WHAT YOU HAVE TO DO: What is needed here is an exact printout of the data, with no pictures included.

SUPPLIED MATERIAL:
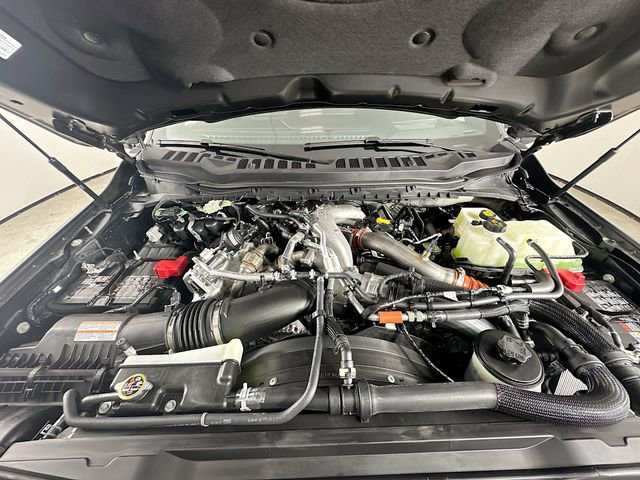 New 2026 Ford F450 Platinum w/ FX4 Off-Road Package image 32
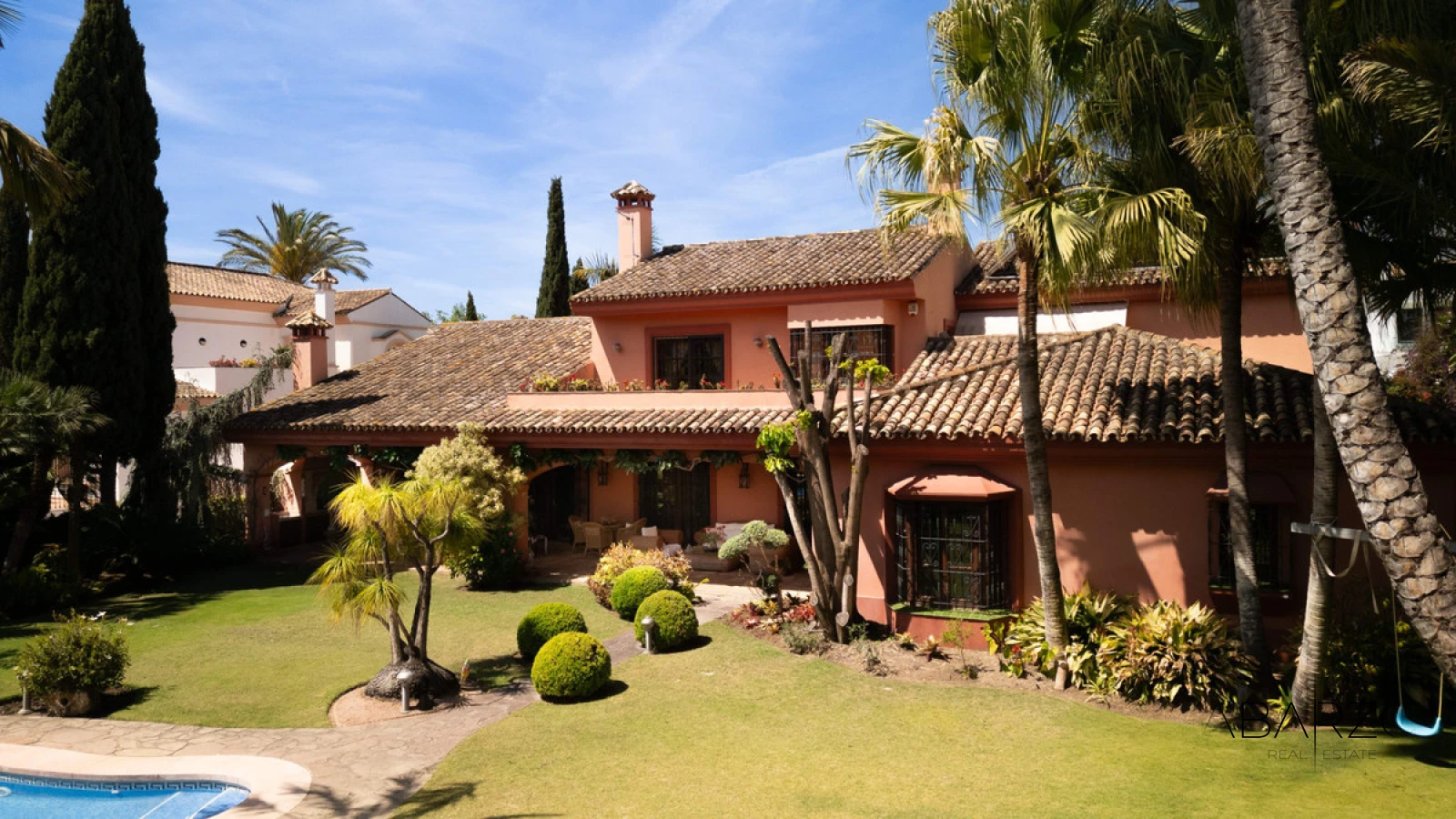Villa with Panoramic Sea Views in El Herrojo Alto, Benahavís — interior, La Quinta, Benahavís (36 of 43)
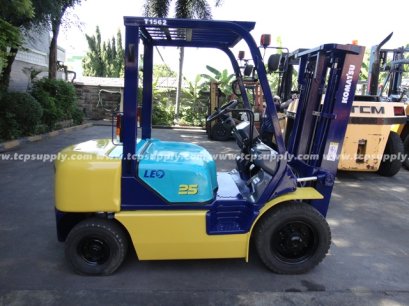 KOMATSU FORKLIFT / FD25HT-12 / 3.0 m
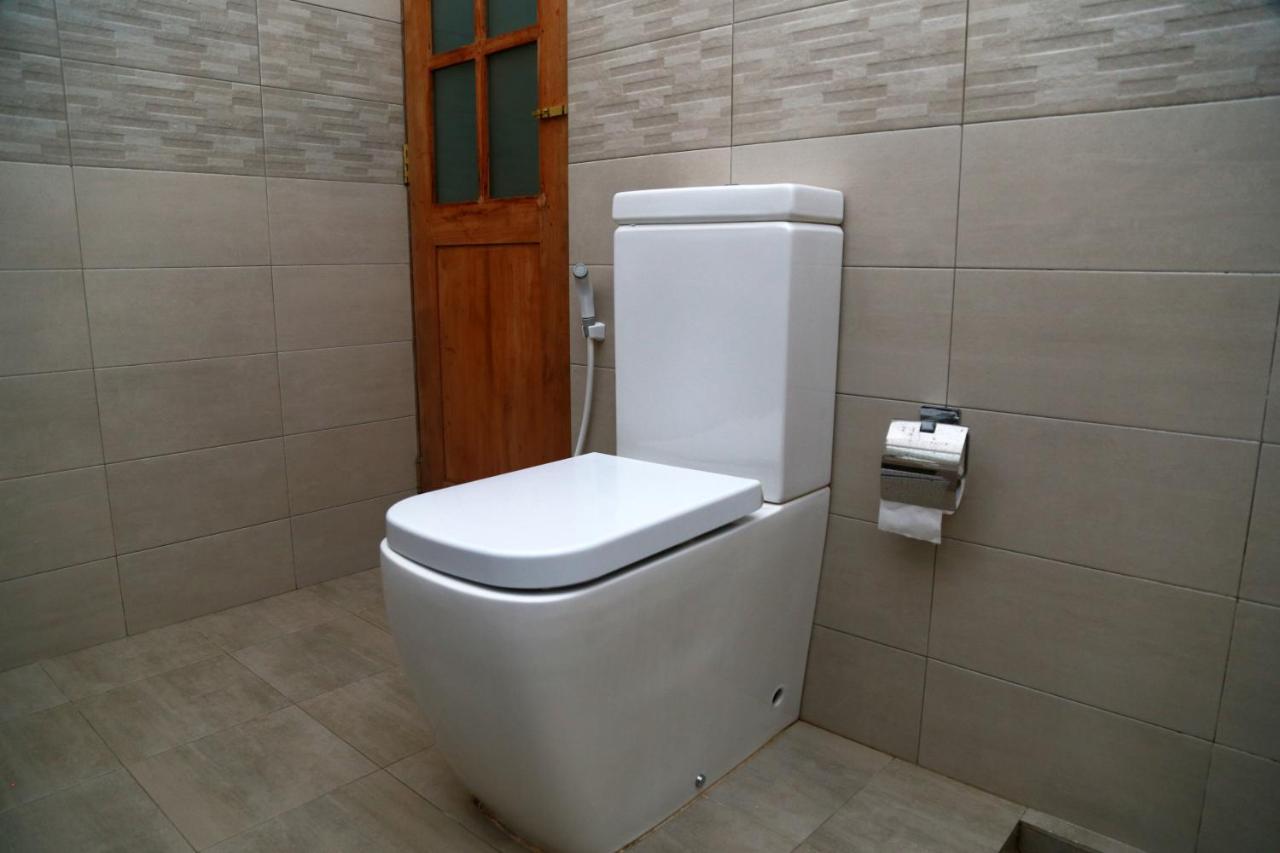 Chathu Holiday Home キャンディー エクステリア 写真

OUTPUT OF THE EXERCISE:
 New 2026 Ford F450 Platinum w/ FX4 Off-Road Package image 32
Villa with Panoramic Sea Views in El Herrojo Alto, Benahavís — interior, La Quinta, Benahavís (36 of 43)
 KOMATSU FORKLIFT / FD25HT-12 / 3.0 m
 Chathu Holiday Home キャンディー エクステリア 写真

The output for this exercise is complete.